* _Supplied data_
——

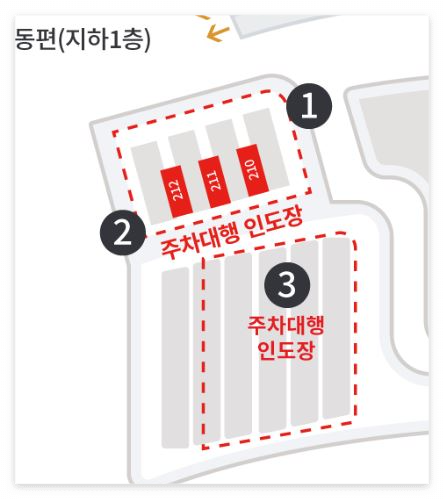 인천공항 2터미널 발렛주차 예약하기 (아마노 주차대행 서비스)
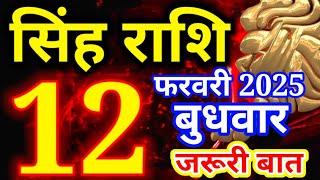 Singh rashi 12 February 2025 - Aaj ka rashifal/ leo today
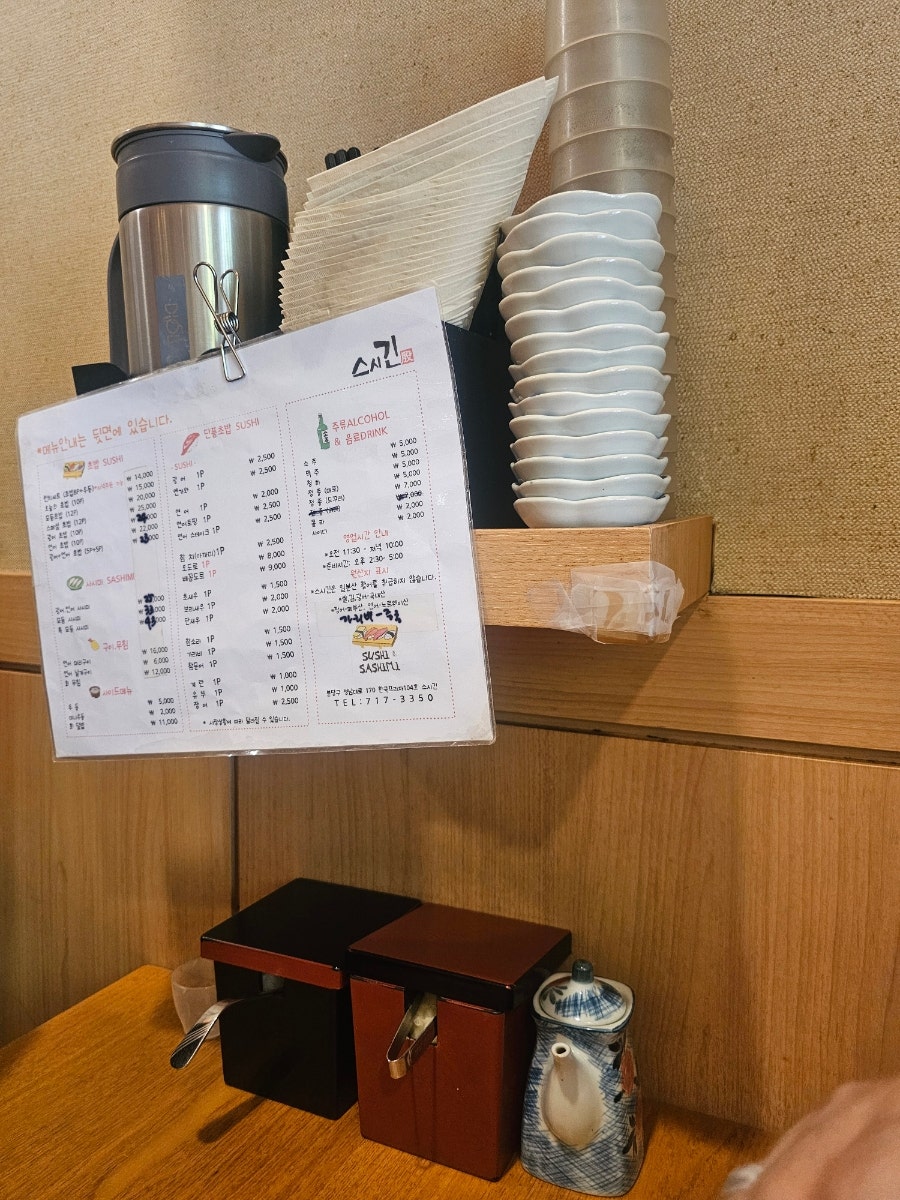 스시긴 사진 4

——

* _Task directions_
Only the lines from the one containing "Singh rashi 12" through the last line of the material are to be restated word for word; no picture is to be included.

* _Reply_
 Singh rashi 12 February 2025 - Aaj ka rashifal/ leo today
 스시긴 사진 4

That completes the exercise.